Directions for this task: Every record below is to be retyped exactly, with the pictures left out.

Data to examine:

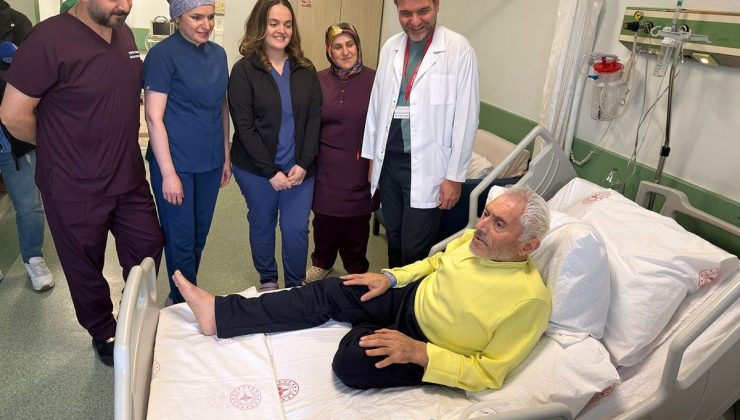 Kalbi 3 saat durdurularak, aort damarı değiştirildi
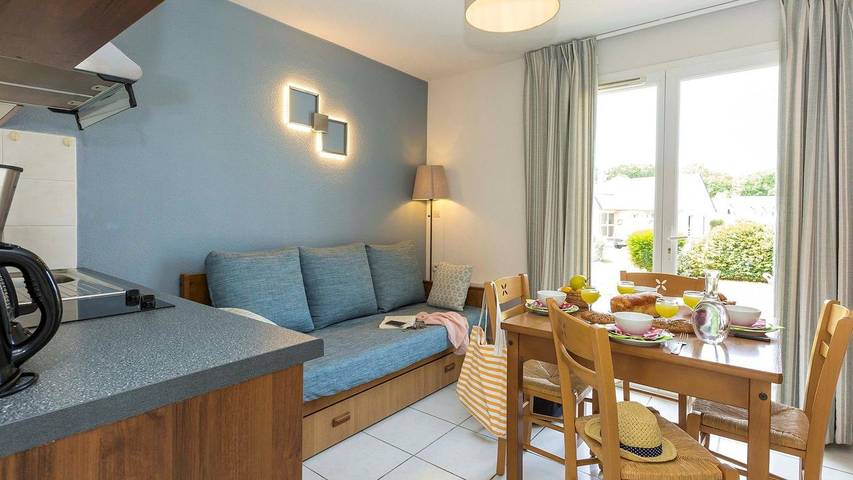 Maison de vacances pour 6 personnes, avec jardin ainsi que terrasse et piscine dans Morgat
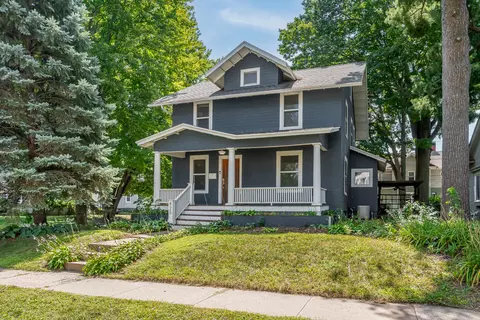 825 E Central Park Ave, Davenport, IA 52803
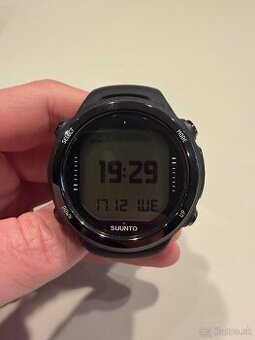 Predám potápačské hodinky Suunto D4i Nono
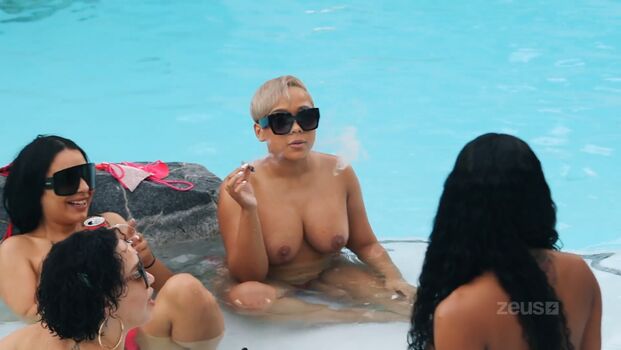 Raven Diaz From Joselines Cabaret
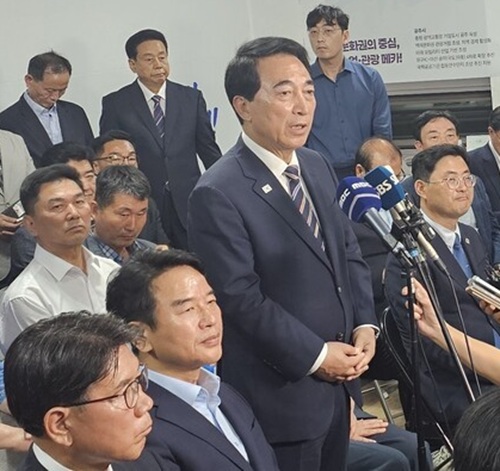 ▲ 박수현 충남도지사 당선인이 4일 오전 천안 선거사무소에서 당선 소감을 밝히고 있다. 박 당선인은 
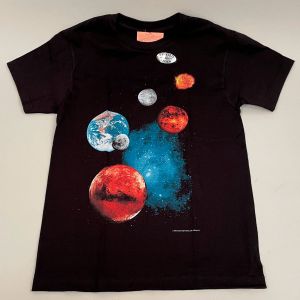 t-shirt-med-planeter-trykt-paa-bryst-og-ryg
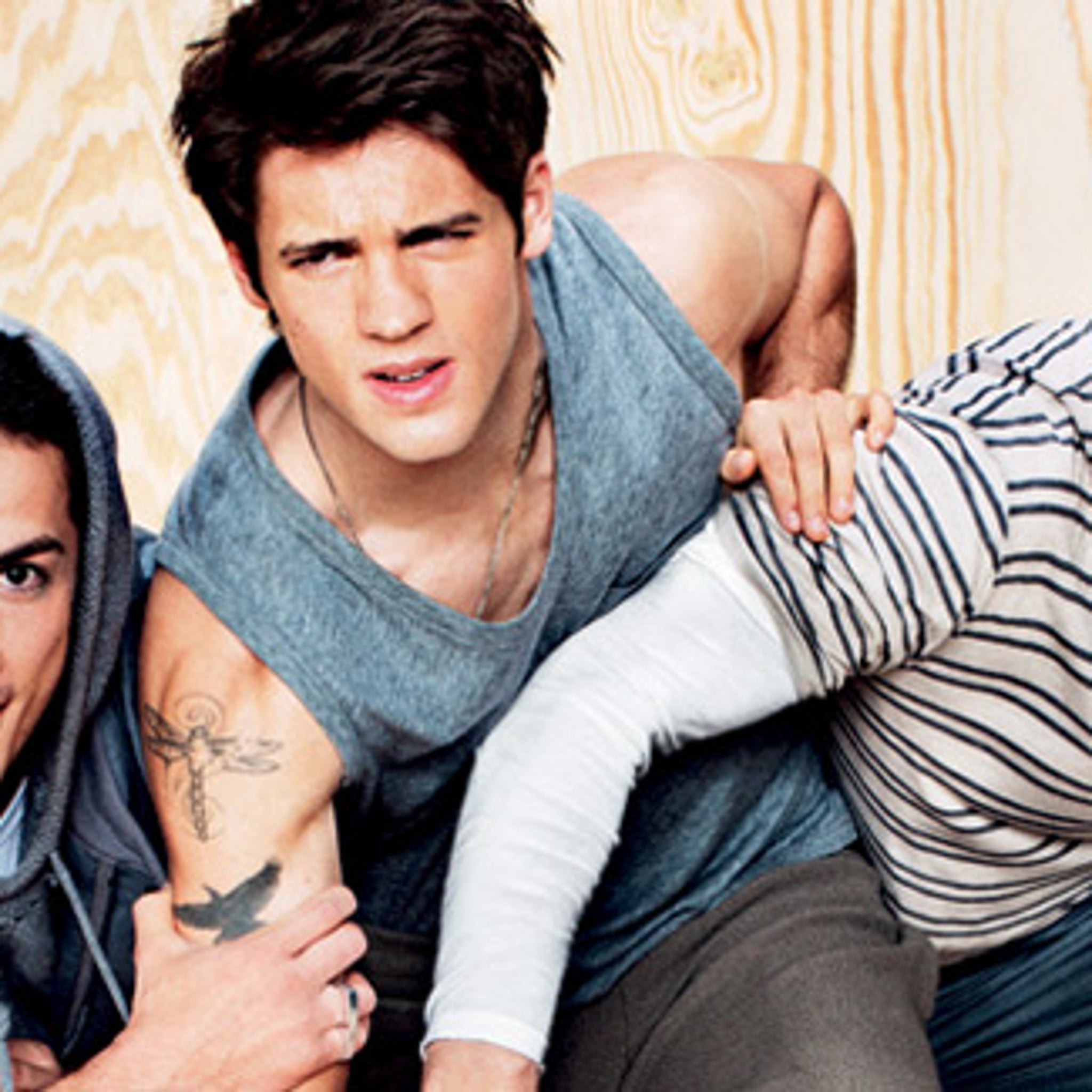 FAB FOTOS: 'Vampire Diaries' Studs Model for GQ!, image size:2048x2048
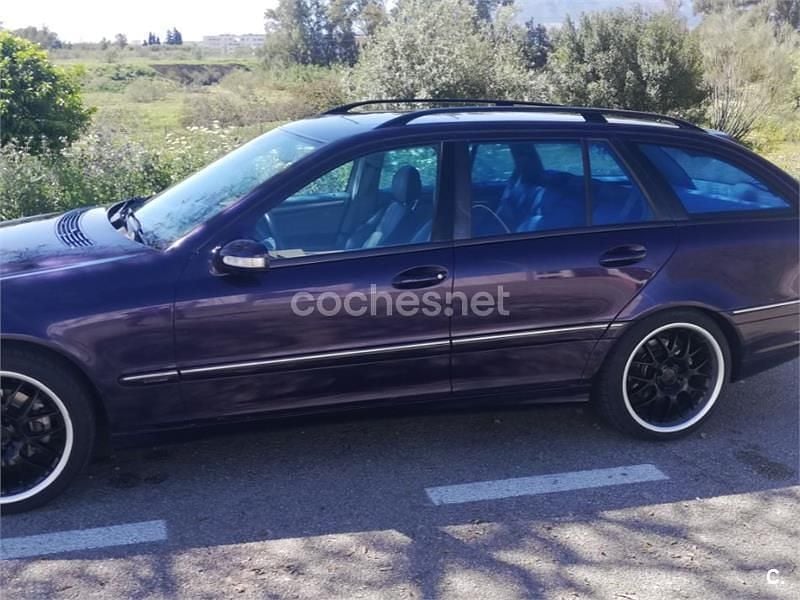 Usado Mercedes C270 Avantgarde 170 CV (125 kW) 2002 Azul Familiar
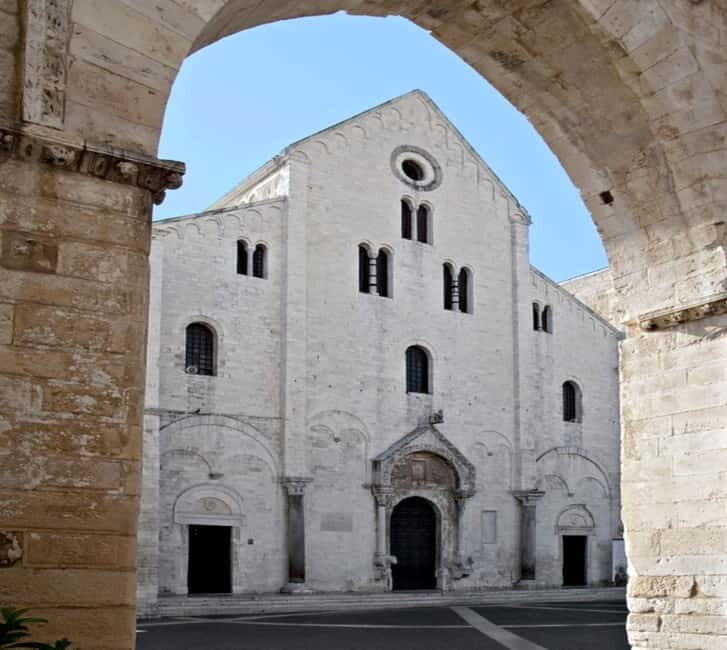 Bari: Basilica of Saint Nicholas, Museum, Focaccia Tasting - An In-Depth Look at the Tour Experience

Result for this exercise:
 Kalbi 3 saat durdurularak, aort damarı değiştirildi
 Maison de vacances pour 6 personnes, avec jardin ainsi que terrasse et piscine dans Morgat
 825 E Central Park Ave, Davenport, IA 52803
 Predám potápačské hodinky Suunto D4i Nono
 Raven Diaz From Joselines Cabaret
 ▲ 박수현 충남도지사 당선인이 4일 오전 천안 선거사무소에서 당선 소감을 밝히고 있다. 박 당선인은 
 t-shirt-med-planeter-trykt-paa-bryst-og-ryg
 FAB FOTOS: 'Vampire Diaries' Studs Model for GQ!, image size:2048x2048
 Usado Mercedes C270 Avantgarde 170 CV (125 kW) 2002 Azul Familiar
 Bari: Basilica of Saint Nicholas, Museum, Focaccia Tasting - An In-Depth Look at the Tour Experience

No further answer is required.